Adepte d'un cinéma thérapeutique et lumineux qui privilégie généralement la vigueur de la jeunesse et la force du groupe, Cédric Klapisch trouve son compte dans En corps. C'est une autre histoire pour le cinéphile.
Le film ne débute pourtant pas sur de mauvaises bases. Il explore d'ailleurs un postulat intéressant que l'on peut extrapoler selon ses propres expériences : que faire lorsqu'une blessure remet en question notre avenir? C'est ce qui arrive à Élise (Marion Barbeau), une danseuse professionnelle, qui devra peut-être subir une opération qui la laisserait à l'écart de la scène pendant quelques années.
Ce changement de vie, nécessaire dans une existence, n'est pourtant jamais traité avec rigueur par le scénario de Klapisch et de son fidèle collaborateur Santiago Amigorena. Il prend plutôt la forme d'un conte, éphémère et inoffensif, qui titille le doute et la remise en question, sans nécessairement proposer une réelle réflexion ou révolution.
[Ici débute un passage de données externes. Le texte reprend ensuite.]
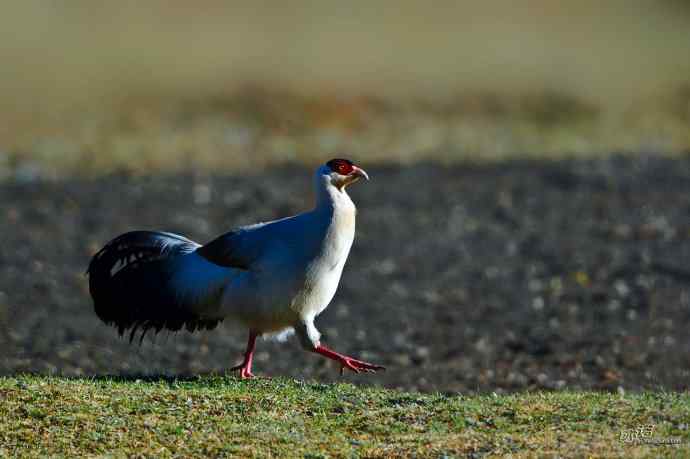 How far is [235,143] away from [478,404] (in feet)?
59.1

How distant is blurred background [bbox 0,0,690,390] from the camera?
56.6 feet

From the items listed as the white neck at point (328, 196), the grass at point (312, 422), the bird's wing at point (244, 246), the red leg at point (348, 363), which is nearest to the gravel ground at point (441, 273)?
the bird's wing at point (244, 246)

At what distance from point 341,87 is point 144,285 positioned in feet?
72.4

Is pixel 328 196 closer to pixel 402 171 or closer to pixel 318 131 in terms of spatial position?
pixel 402 171

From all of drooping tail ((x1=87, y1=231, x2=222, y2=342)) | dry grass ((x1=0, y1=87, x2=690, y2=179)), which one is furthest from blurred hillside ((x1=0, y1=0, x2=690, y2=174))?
drooping tail ((x1=87, y1=231, x2=222, y2=342))

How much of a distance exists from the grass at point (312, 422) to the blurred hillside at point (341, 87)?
49.3 ft

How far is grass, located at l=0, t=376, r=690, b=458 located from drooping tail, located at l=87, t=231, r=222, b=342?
1008mm

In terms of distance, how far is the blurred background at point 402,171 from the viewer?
17266mm

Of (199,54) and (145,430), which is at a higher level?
(199,54)

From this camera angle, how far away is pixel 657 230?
70.4ft

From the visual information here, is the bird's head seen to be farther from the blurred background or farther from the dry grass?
the dry grass

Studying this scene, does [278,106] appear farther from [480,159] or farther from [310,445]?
[310,445]

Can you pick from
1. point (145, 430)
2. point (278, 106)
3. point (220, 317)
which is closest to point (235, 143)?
point (278, 106)

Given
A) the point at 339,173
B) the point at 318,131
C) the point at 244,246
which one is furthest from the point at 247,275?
the point at 318,131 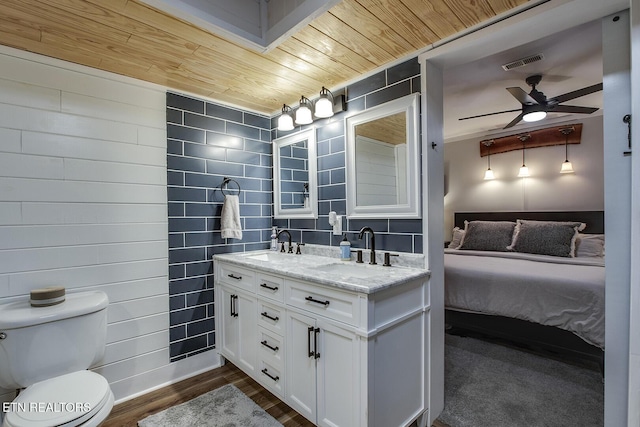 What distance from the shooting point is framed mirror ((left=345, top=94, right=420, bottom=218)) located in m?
1.78

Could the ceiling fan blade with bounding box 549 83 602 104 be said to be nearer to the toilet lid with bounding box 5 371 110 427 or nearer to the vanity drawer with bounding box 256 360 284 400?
the vanity drawer with bounding box 256 360 284 400

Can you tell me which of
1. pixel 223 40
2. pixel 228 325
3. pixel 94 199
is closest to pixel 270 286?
pixel 228 325

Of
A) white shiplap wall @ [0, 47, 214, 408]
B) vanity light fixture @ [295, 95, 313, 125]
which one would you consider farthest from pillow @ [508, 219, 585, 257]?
white shiplap wall @ [0, 47, 214, 408]

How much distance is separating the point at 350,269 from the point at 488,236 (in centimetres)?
274

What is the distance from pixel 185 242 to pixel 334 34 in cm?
178

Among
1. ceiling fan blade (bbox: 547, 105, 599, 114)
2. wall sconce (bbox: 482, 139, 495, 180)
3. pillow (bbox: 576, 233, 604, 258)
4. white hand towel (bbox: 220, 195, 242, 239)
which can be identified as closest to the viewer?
white hand towel (bbox: 220, 195, 242, 239)

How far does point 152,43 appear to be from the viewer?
164cm

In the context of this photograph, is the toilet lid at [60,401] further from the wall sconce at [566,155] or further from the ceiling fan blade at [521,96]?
the wall sconce at [566,155]

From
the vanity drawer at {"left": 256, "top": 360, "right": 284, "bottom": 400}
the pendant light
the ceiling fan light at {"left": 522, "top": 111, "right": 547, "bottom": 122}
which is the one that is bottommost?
the vanity drawer at {"left": 256, "top": 360, "right": 284, "bottom": 400}

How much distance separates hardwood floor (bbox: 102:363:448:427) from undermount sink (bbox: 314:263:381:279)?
899mm

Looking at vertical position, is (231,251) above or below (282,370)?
above

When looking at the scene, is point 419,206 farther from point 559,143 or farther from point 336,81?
point 559,143

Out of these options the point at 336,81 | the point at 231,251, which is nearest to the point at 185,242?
the point at 231,251

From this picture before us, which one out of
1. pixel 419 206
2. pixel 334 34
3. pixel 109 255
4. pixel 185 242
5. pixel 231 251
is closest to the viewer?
pixel 334 34
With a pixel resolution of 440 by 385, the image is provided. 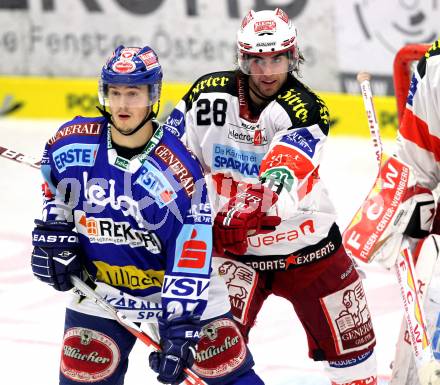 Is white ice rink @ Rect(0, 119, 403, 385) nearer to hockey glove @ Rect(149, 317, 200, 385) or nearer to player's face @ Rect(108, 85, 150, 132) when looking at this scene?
hockey glove @ Rect(149, 317, 200, 385)

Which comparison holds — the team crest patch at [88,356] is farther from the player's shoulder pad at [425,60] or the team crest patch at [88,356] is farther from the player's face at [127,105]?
the player's shoulder pad at [425,60]

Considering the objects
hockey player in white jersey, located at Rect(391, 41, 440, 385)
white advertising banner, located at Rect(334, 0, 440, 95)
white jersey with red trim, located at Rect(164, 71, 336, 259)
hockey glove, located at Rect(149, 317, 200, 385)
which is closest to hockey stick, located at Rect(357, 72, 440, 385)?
hockey player in white jersey, located at Rect(391, 41, 440, 385)

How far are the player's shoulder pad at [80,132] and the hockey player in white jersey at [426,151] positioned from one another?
0.86 meters

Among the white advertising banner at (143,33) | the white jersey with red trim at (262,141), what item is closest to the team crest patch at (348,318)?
the white jersey with red trim at (262,141)

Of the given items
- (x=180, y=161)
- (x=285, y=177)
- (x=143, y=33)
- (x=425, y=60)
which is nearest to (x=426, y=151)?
(x=425, y=60)

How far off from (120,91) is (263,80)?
0.61 meters

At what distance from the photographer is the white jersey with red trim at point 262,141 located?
3.74 m

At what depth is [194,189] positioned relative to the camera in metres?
3.39

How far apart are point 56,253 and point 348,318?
3.59 ft

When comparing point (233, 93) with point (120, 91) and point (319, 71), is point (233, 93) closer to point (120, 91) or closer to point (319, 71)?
point (120, 91)

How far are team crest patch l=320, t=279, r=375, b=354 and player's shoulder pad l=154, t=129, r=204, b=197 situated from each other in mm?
841

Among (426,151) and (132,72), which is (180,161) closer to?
(132,72)

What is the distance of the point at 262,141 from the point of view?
3.86m

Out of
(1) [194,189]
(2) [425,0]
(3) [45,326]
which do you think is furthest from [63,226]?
(2) [425,0] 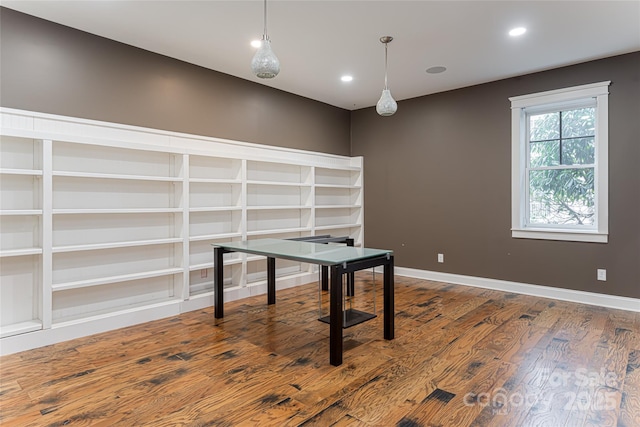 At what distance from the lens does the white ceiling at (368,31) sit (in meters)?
3.08

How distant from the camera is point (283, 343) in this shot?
316cm

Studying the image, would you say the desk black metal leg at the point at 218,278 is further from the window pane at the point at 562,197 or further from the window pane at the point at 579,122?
the window pane at the point at 579,122

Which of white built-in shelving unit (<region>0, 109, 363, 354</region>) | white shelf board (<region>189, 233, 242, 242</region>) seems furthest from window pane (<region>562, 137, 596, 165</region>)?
white shelf board (<region>189, 233, 242, 242</region>)

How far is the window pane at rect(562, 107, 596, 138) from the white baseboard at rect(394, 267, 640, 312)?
1891mm

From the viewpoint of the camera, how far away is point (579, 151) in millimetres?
4465

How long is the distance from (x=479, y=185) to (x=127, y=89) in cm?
449

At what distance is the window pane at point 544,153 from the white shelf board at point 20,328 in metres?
5.65

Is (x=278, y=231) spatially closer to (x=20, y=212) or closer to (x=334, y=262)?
(x=334, y=262)

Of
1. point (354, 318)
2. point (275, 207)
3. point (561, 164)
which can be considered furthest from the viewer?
point (275, 207)

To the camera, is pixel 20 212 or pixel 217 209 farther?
pixel 217 209

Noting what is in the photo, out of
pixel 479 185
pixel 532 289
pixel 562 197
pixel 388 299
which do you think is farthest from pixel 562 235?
pixel 388 299

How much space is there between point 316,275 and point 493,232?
8.43 feet

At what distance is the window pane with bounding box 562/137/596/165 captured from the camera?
4379 mm

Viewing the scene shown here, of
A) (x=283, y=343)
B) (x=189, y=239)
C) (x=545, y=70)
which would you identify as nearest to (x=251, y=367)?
(x=283, y=343) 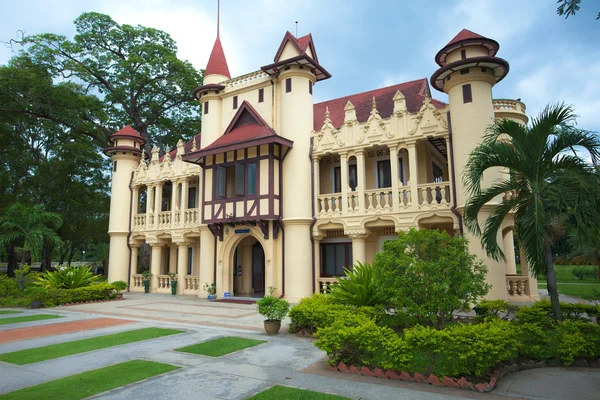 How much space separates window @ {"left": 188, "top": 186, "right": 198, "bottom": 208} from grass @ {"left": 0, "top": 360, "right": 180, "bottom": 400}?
1862cm

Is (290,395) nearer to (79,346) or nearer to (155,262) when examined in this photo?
(79,346)

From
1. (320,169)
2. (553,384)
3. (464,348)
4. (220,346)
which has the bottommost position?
(553,384)

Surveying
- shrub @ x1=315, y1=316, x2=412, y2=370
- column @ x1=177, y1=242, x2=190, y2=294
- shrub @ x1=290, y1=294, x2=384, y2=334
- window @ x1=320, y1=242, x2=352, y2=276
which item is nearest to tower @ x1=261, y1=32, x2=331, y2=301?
window @ x1=320, y1=242, x2=352, y2=276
Au contraire, l'espoir a le dernier mot et les gens qui s'entraînent pourront continuer à croire à leurs rêves et même pratiquer leur métier blessé...
Le long métrage prend soin d'éviter les clichés liés au genre, où il est généralement question d'anorexie, de performance et de compétition. On est loin, par exemple, de Black Swan. Sauf que contrairement au mémorable opus de Darren Aronofsky, En corps ne repose sur aucun ressort dramatique valable au-delà de cette crise existentielle ténue. L'héroïne tombera en amour devant un coucher de soleil, elle affirmera quelques amitiés et se rapprochera de son père. Le récit n'est pas seulement longuet et sans surprise, mais il s'embarrasse de dialogues trop moralisateurs et explicatifs, qui soulignent lourdement les leçons de vie à suivre. Il se permet même des ellipses douteuses afin de créer mécaniquement une émotion envers une mère décédée trop tôt...
Au moins, les scènes dansées en mettent plein la vue et les oreilles. L'introduction, particulièrement soignée, développe un ingénieux montage parallèle entre un spectacle qui va mal se dérouler et la fébrilité de notre protagoniste (qui vient de se faire larguer). Puis le générique apparaît dans un surprenant mélange de ralentis et d'agréables effets esthétiques, le tout bercé par une mélodie iconoclaste. Dommage qu'en dehors de ces moments où le corps peut enfin s'exprimer librement, la mise en scène apparaît aussi sage, léchée et accessoire.
Le choix de recourir à de véritables danseurs renforce la véracité de l'entreprise. Cela se fait toutefois au détriment de la crédibilité de l'intrigue. Marion Barbeau de l'Opéra de Paris danse comme un ange... ce qui n'empêche pas son jeu d'être limité et d'avoir de la difficulté à véhiculer des sentiments complexes. C'est également le cas de tous ses partenaires qui ne sont pas comédiens. Chez les acteurs, cela va déjà mieux. Encore là, il y a beaucoup trop de personnages à usage unique, que ce soit la maman de remplacement (Muriel Robin) ou le kinésithérapeute (François Civil) un peu pathétique qui n'existe que pour apporter un peu d'humour. Quelle frustration d'avoir fait appel au grand Denis Podalydès pour lui demander de livrer une prestation aussi faible! Quant au doué Pio Marmaï, il est tout simplement énervant avec ses mimiques lassantes.
En corps se laisse regarder sans passion ni ennui, s'oubliant à la vitesse de l'éclair. Il est à l'image de la filmographie récente de Cédric Klapisch, qui fête cette année le 30e anniversaire de son premier long métrage Riens du tout. Autant sa première décennie d'activité était féconde avec des oeuvres marquantes comme Le péril jeune, Un air de famille et L'auberge espagnole, autant la suite ne fut pas toujours à la hauteur des espoirs fondés en lui. Surtout que pour un admirateur de danse (il a consacré plusieurs documentaires à ce sujet), c'est incompréhensible qu'il ne soit pas parvenu à offrir un résultat plus personnel et authentique.